* Instructions for the task: Print the listing below exactly, images excluded.

* Material provided:

== Segment start ==

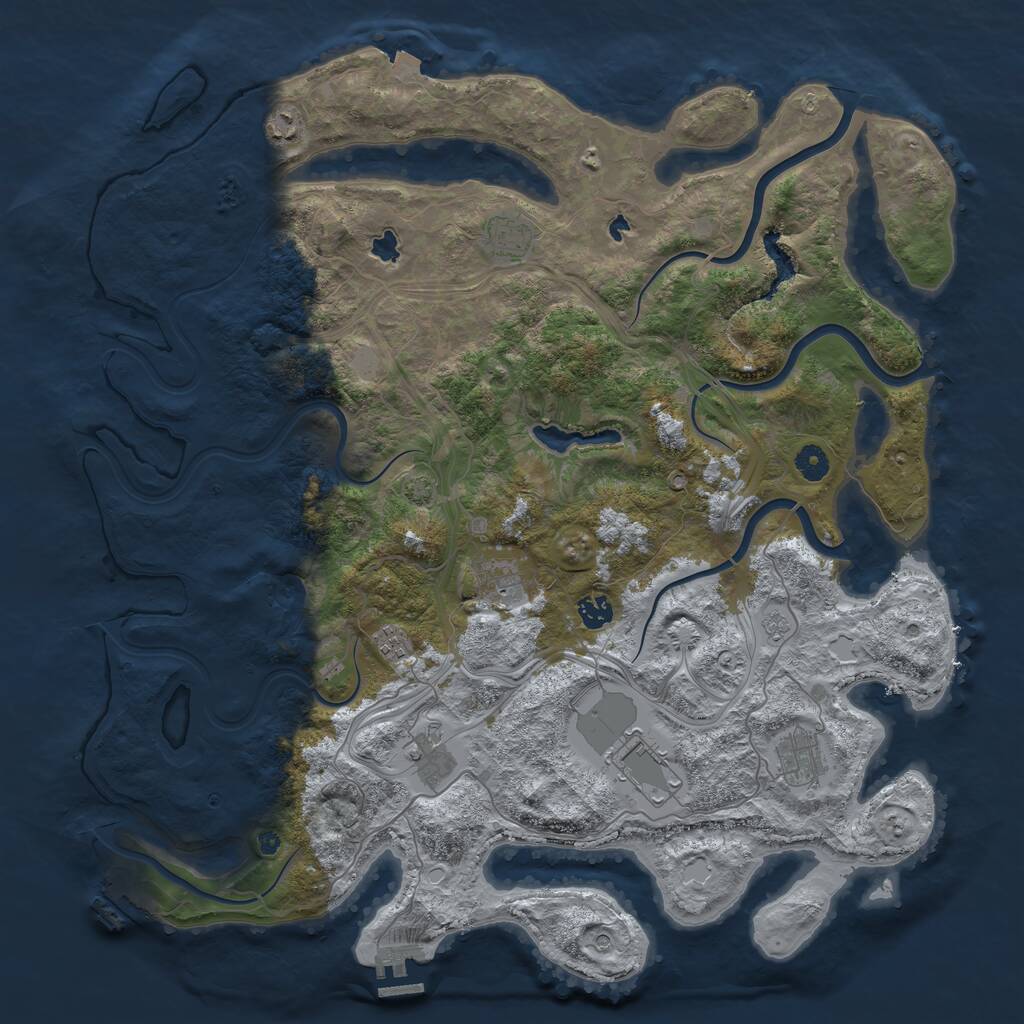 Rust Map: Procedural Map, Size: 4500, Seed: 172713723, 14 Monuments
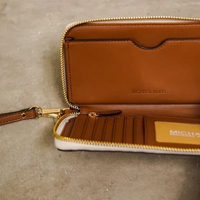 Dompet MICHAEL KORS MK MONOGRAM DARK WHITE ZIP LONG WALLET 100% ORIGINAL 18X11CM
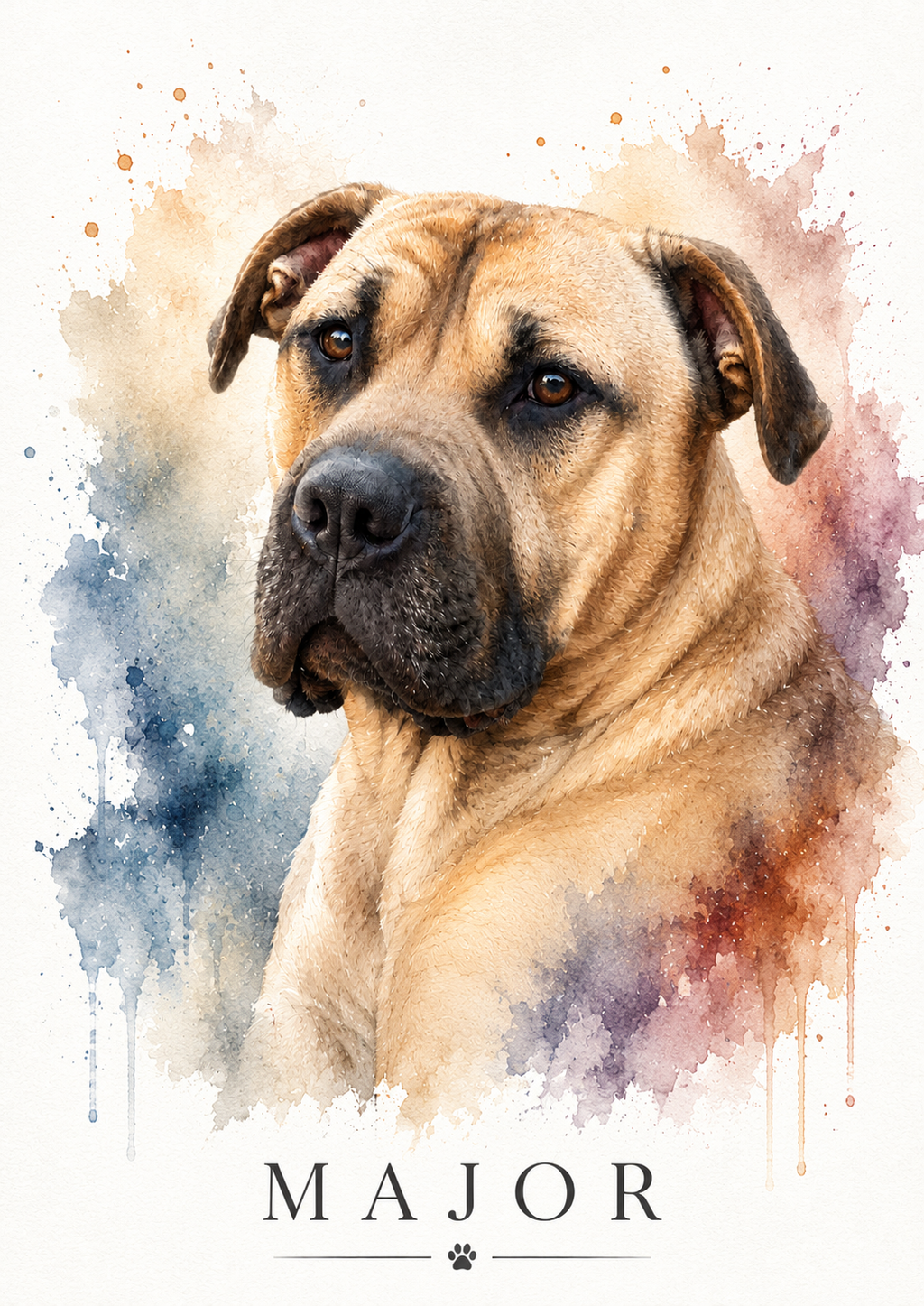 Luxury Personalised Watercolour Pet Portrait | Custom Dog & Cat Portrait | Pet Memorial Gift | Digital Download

== Segment end ==

* Task response:
 Rust Map: Procedural Map, Size: 4500, Seed: 172713723, 14 Monuments
 Dompet MICHAEL KORS MK MONOGRAM DARK WHITE ZIP LONG WALLET 100% ORIGINAL 18X11CM
 Luxury Personalised Watercolour Pet Portrait | Custom Dog & Cat Portrait | Pet Memorial Gift | Digital Download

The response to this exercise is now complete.